Допускаем — хотя с натяжкой: промышлением начальства, уговорами почитателей, надзирателей, духовных и жандармских чинов — Чичиков завяжет проказничать.
Но потянет ли он, исправившись, лямку с тем же азартом — ради одного удовольствия тянуть ее в поте лица?
На вопросе этом Гоголь запнулся. Уж с какого бока ни подъезжал он к своему подопечному — и грозил ему палашом и Сибирью, и раскидывал глубокую этику и поэзию земледелия (в предварение наблюдений в этой области Гл. Успенского). Задолго до Гладкова, до Горького пропел он дифирамбы труду, из проклятия, наказания — вопреки церковным запретам — обращенному Гоголем в подвиг самодеятельного подражания Богу. (У Костанжогло в запальчивости от этих речей на челе проскакивал уже венец Вседержителя…) Ну а Чичиков?

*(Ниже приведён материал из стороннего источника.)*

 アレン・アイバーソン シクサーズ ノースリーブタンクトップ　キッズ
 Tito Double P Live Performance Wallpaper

«— Так вы полагаете, что хлебопашеством доходчивей заниматься? спросил Чичиков.
— Законнее, а не то что доходнее. Возделывай землю в поте лица своего, сказано. Тут нечего мудрить. Это уж опытом веков доказано, что в земледельческом звании человек нравственней, чище, благороднее, выше. Не говорю — не заниматься другим, но чтобы в основание легло хлебопашество вот что! Фабрики заведутся сами собой, да заведутся законные фабрики — того, что нужно здесь, под рукой человеку, на месте, а не эти всякие потребности, расслабившие теперешних людей… Да вот же не заведу у себя, как ты там ни говори в их пользу, никаких этих внушающих высшие потребности производств, ни табака, ни сахара, хоть бы потерял миллион. Пусть же, если входит разврат в мир, так не через мои руки! Пусть я буду перед Богом прав…

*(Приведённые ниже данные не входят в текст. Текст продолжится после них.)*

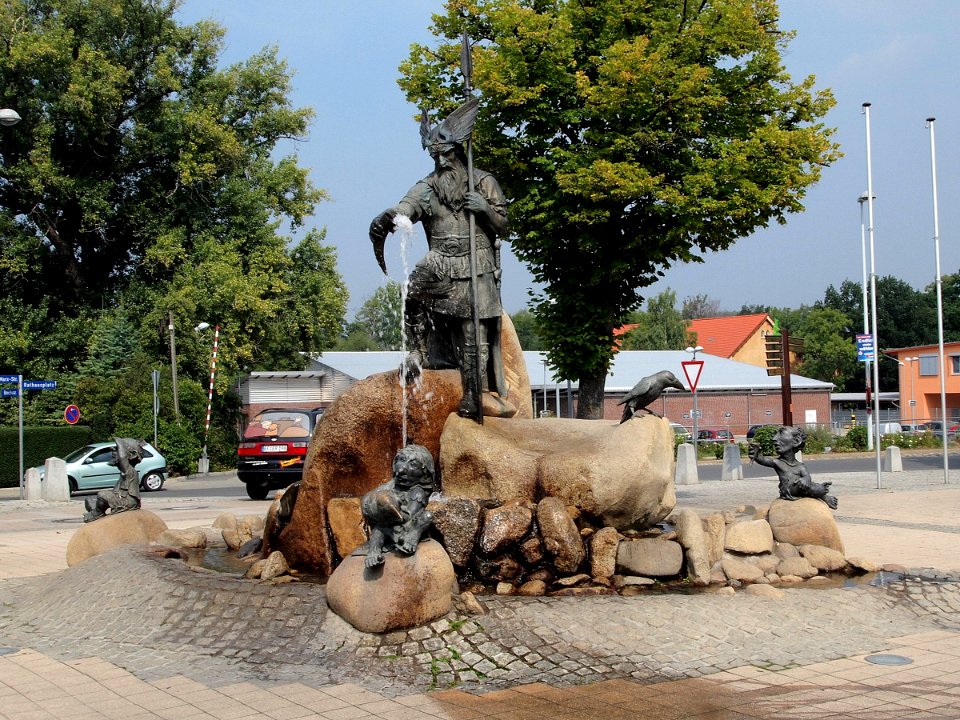 Thale Brunnen der Weisheit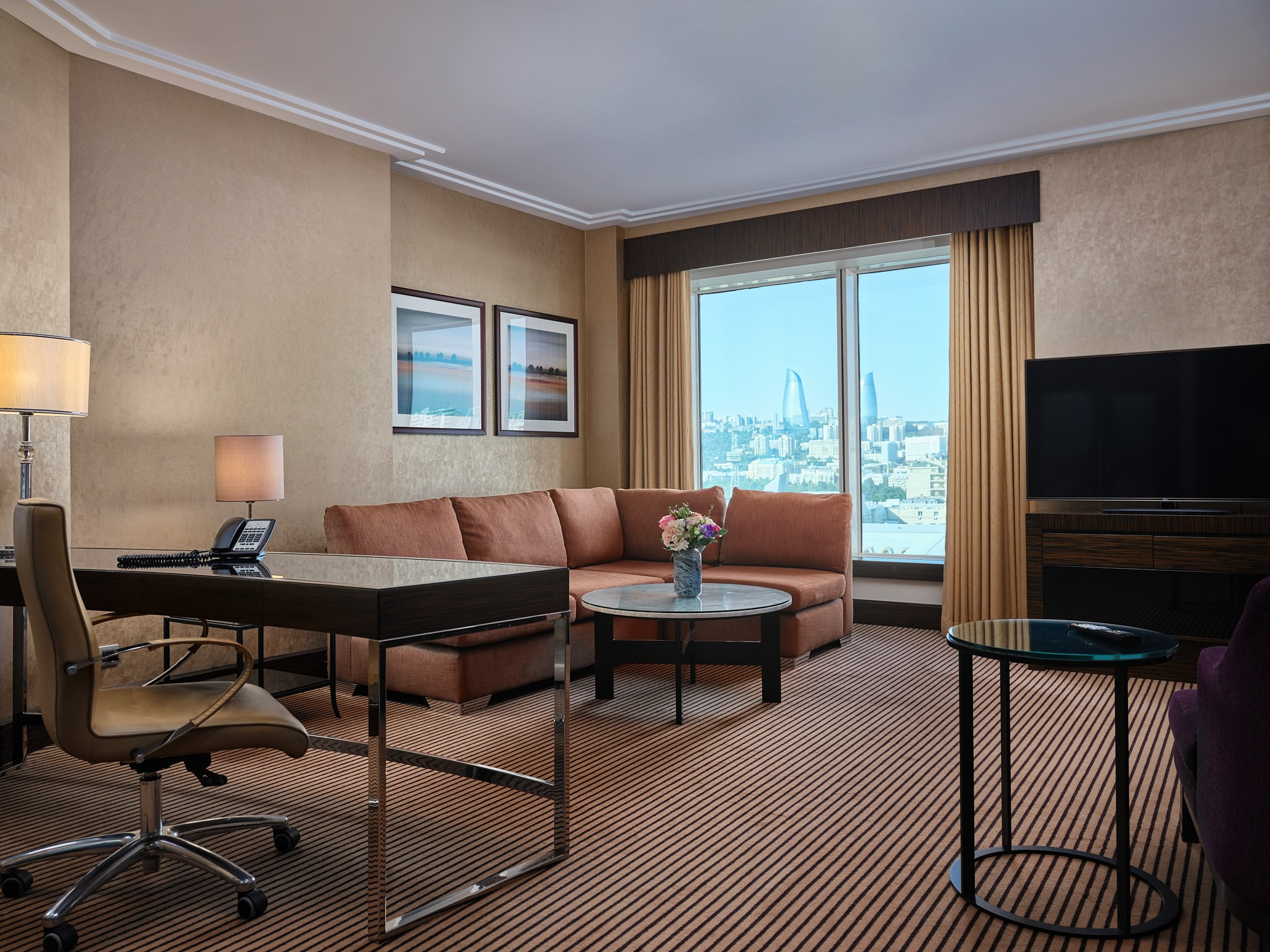 Hilton Hotel, Azerbaijan. Elmar Mustafazadeh Photography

— Для меня изумительнее всего, как при благоразумном управлении, из останков, из обрезков получается, что и всякая дрянь дает доход».
Что он табаком погнушается при этакой целенаправленности, откажется от сахара, от лезущего в рот миллиона, от прокладыванья железных дорог, также, кстати, не встречавших сочувствия Гоголя, хоть и был тот любителем быстрой езды («какой же русский не любит быстрой езды?..»)? Ему на все эти тонкости, прямо скажем, начхать; из россказней Костанжогло он гнет свое и не может не гнуть; не был бы он перводвигателем — рассуждай он по-другому, как Гоголь, и Гоголь его видел насквозь и продолжал поучать и улещивать, видя бесполезность затеи, не в силах остановиться, ни выскочить, ни приструнить взятого в упряжку мерзавца…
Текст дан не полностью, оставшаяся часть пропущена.